# Problem description:
In the records below, find the line with "Primary Balcony View" and repeat exactly every line from it through the line with "Photo of a 1969". Pictures stay out.

(Stored data Opens)

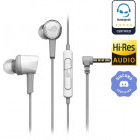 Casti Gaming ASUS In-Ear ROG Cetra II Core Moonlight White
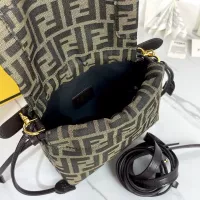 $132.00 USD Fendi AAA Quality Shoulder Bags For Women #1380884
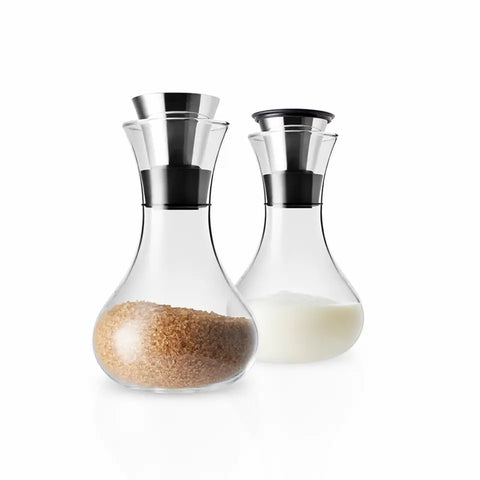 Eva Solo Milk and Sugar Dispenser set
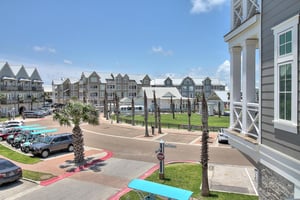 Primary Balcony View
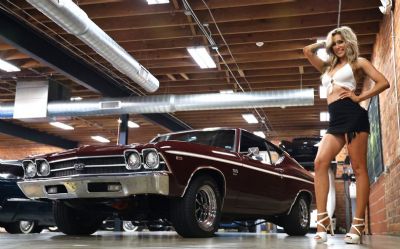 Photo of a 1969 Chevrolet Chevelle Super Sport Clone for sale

(Stored data Closes)
(Stored data Opens)

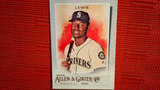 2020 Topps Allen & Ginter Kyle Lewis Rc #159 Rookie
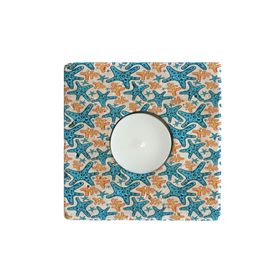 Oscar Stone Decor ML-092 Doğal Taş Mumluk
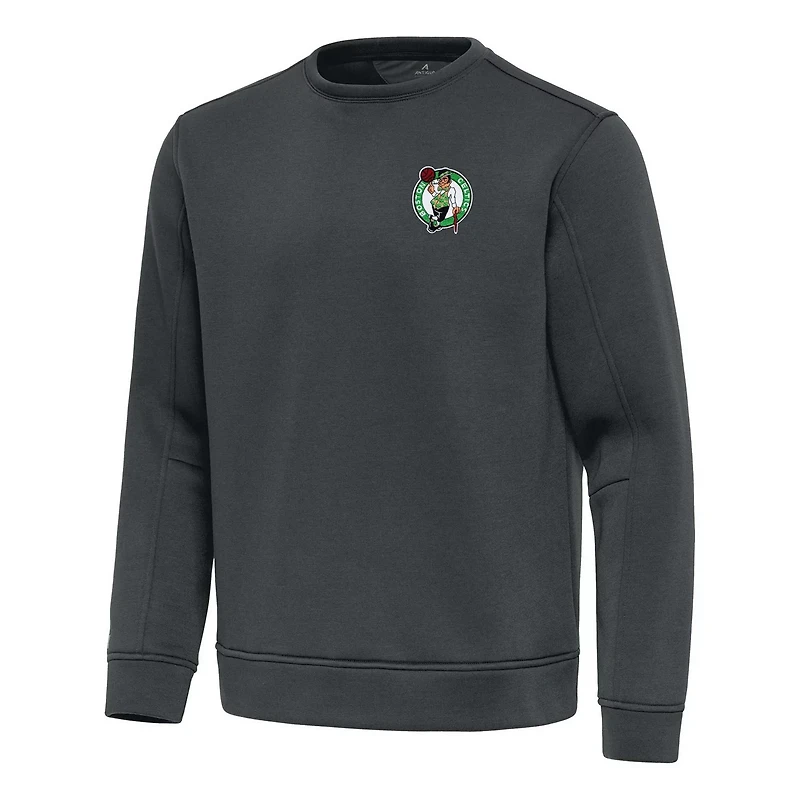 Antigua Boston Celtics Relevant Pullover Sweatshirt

(Stored data Closes)

# Response:
 Primary Balcony View
 Photo of a 1969 Chevrolet Chevelle Super Sport Clone for sale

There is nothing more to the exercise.